◆ **Data records**:
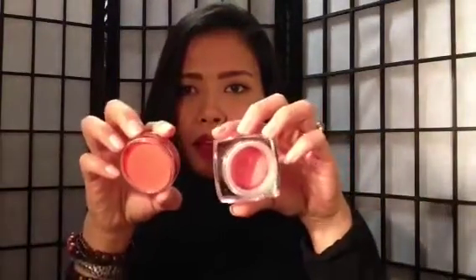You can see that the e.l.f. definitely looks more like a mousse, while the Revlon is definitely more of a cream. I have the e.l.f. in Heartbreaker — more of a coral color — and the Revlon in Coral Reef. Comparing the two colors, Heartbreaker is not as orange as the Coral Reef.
* * *
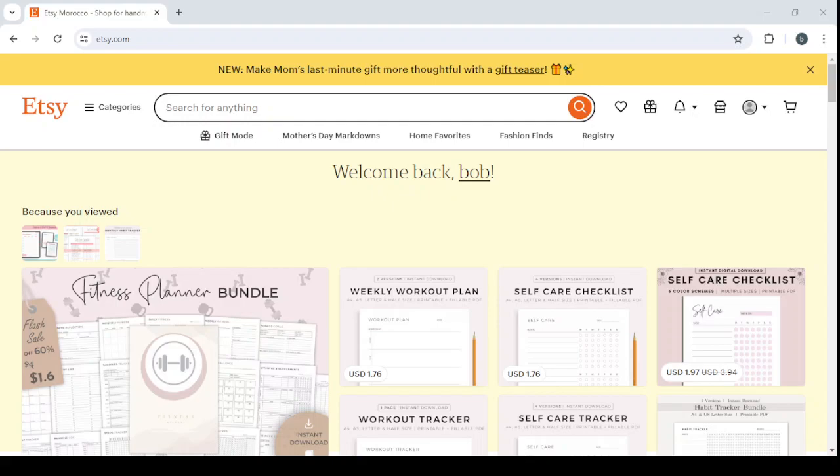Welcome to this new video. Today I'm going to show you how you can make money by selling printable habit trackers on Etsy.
...
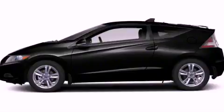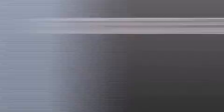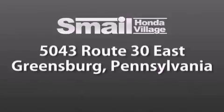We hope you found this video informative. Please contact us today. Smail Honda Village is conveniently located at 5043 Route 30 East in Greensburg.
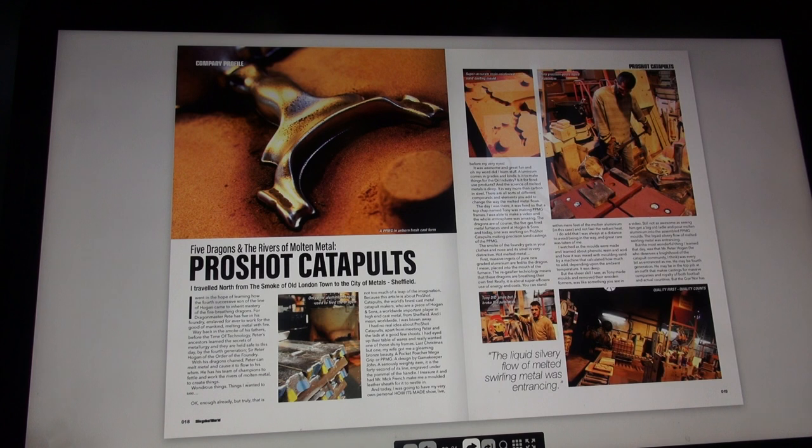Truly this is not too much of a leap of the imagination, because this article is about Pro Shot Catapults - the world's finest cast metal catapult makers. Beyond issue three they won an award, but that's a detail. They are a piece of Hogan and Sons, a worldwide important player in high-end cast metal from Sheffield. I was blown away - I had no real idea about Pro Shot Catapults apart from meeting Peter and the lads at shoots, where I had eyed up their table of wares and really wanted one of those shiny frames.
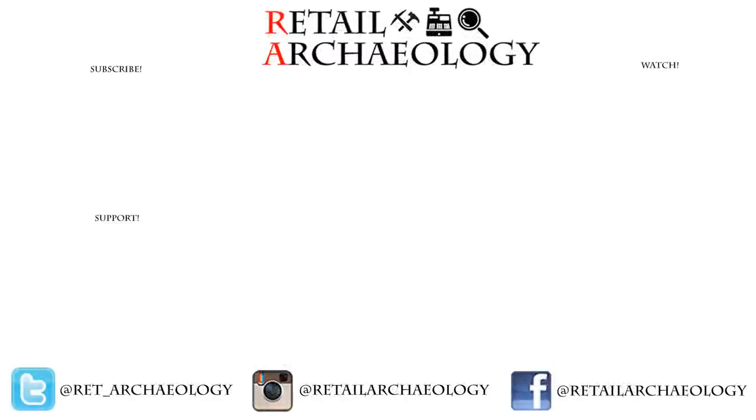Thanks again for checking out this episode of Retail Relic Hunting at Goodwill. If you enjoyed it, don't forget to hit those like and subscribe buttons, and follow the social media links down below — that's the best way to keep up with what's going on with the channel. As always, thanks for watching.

◆ **What you are asked to do**: Look above for the line containing "We hope you" and the line containing "Thanks again for", then reproduce both and everything between them exactly, pictures omitted.

◆ **Exercise solution**:
We hope you found this video informative. Please contact us today. Smail Honda Village is conveniently located at 5043 Route 30 East in Greensburg.
Truly this is not too much of a leap of the imagination, because this article is about Pro Shot Catapults - the world's finest cast metal catapult makers. Beyond issue three they won an award, but that's a detail. They are a piece of Hogan and Sons, a worldwide important player in high-end cast metal from Sheffield. I was blown away - I had no real idea about Pro Shot Catapults apart from meeting Peter and the lads at shoots, where I had eyed up their table of wares and really wanted one of those shiny frames.
Thanks again for checking out this episode of Retail Relic Hunting at Goodwill. If you enjoyed it, don't forget to hit those like and subscribe buttons, and follow the social media links down below — that's the best way to keep up with what's going on with the channel. As always, thanks for watching.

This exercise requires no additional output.